Predator Next Door – Part III


I wrote it down.  I sent the story to the woman, Laura from Say It, Survivor.

And I called the police station in my town.  The chief answered the phone.  There are no coincidences…

1st Opinion

The police chief heard me out, the abridged version of the story.  And then this is what I remember that he said, obviously not in this exact order and you have to picture me interjecting when he asks me questions…”You are 100% correct.  Your instincts as a Mother are never wrong. Everything about this story is wrong.  Everything points to that man being a sexual predator of children.  I want his name.  Where does he work.  Address.  Don’t doubt yourself.   It sounds as though you are doubting yourself, why?  Where does your husband stand?  What does he want?  Proof?  There is no proof with these types of cases, unless it’s too late and then there’s the type of proof you don’t ever want to think about.  Stay away from them.  You can’t accuse him, but you can tell them why you don’t want to be in contact with them and you can tell your neighbors with small children why you are no longer in contact with them.  I can write up a report if you want.  It just goes on file.  I can send a cruiser there to make sure that he never talks to your family again.  Talk to your husband about how you want to handle it.  In the meantime, let me put you in touch with Child Advocate Center to talk to them about how to talk to your Beach Rose.”

2nd Opinion

Laura wrote me back and this is some of what she wrote…

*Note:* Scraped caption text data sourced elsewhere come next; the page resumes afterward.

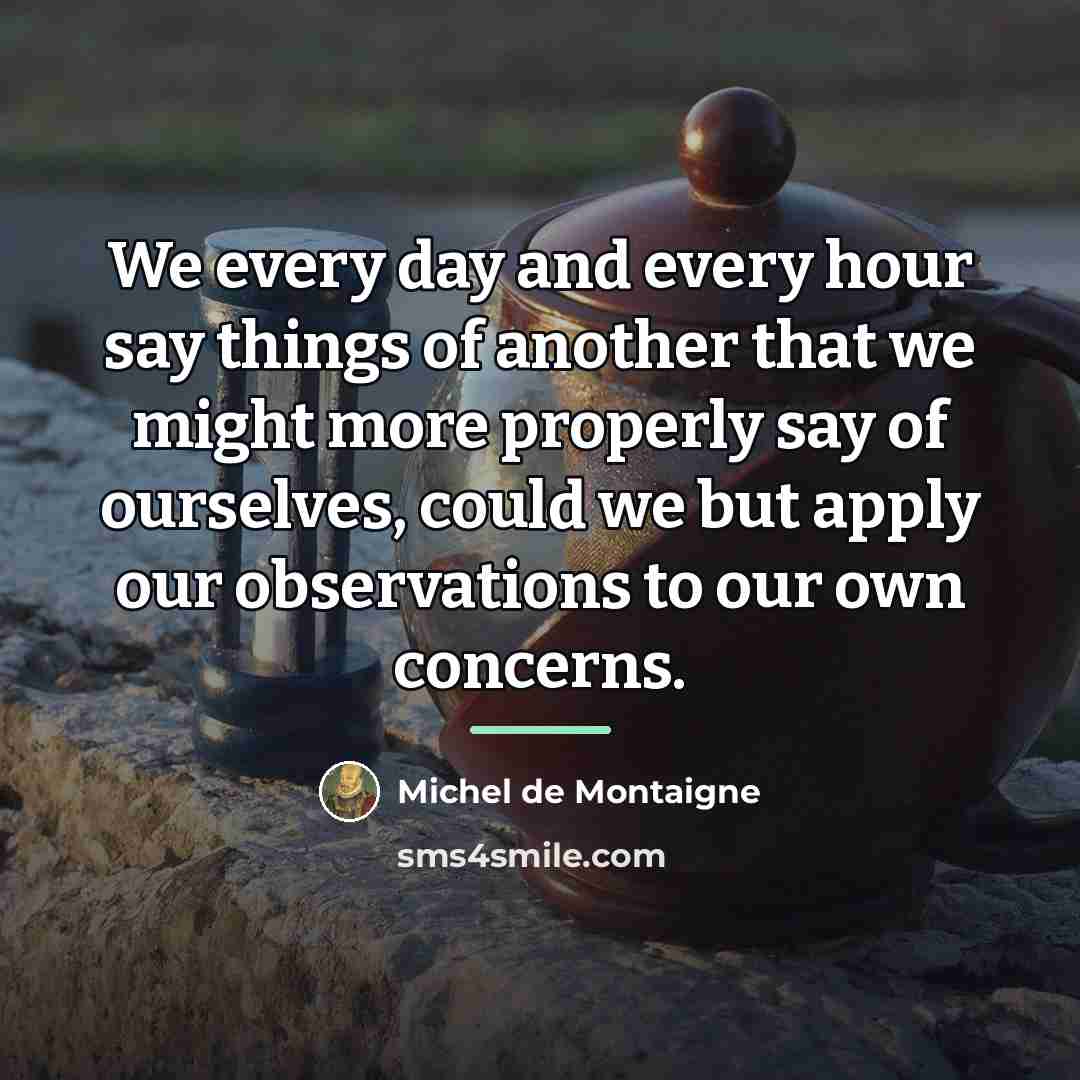 “We every day and every hour say things of another…” quote by Michel de Montaigne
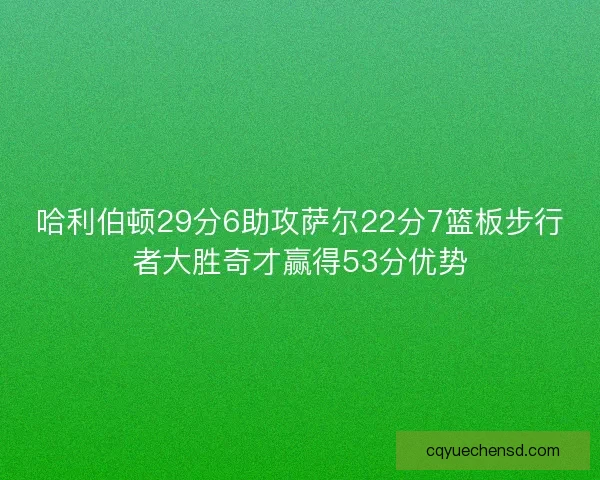 哈利伯顿29分6助攻萨尔22分7篮板步行者大胜奇才赢得53分优势 哈利伯顿29分6助攻萨尔22分7篮板步行者大胜奇才赢得53分优势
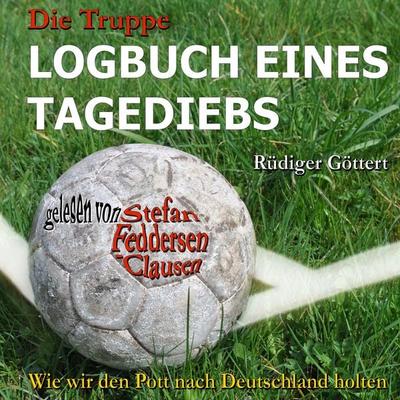 Die Truppe - Logbuch eines Tagediebs - Rüdiger Göttert, Audio, 4061707036569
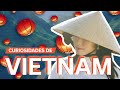 20 Curiosidades de Vietnam 🇻🇳 | El país de las motos y la amabilidad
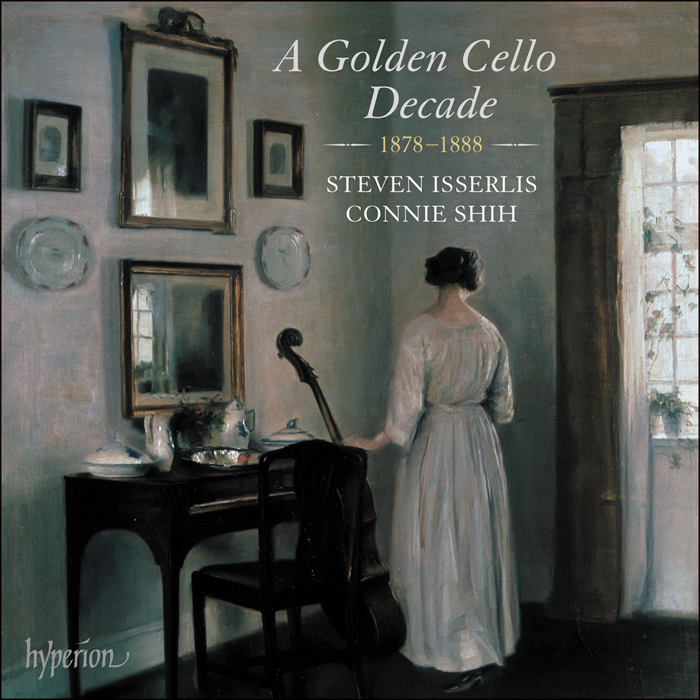 A Golden Cello Decade, 1878-1888 - Steven Isserlis, Connie Shih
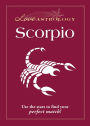 Love Astrology: Scorpio: Use the stars to find your perfect match!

“I think there are red flags all over this situation- it made me anxious just reading about it.  If it were me, I would not have any contact with them outside of a wave across the driveway.  I’d rather be uncomfortable about it as an adult than have my child violated, wouldn’t you?  And I think you need to have a conversation with your Beach Rose.
I strongly recommend you check out The Mama Bear Effect for how to talk to your kids about body safety.
At the end of the day, your best defense against your child being sexually abused is her relationship with you.  She needs to know that she can come to you with anything, that you have her back, that you will do anything in the world to support and protect her.  And if something *has* happened, be mindful of how you receive that news- if you act like it is the end of the world she will believe you.  If something has happened, let her know she is safe, believed and protected.
We have those maternal instincts for a reason and we ignore them not only at our own peril, but at the expense of our children’s well-being.”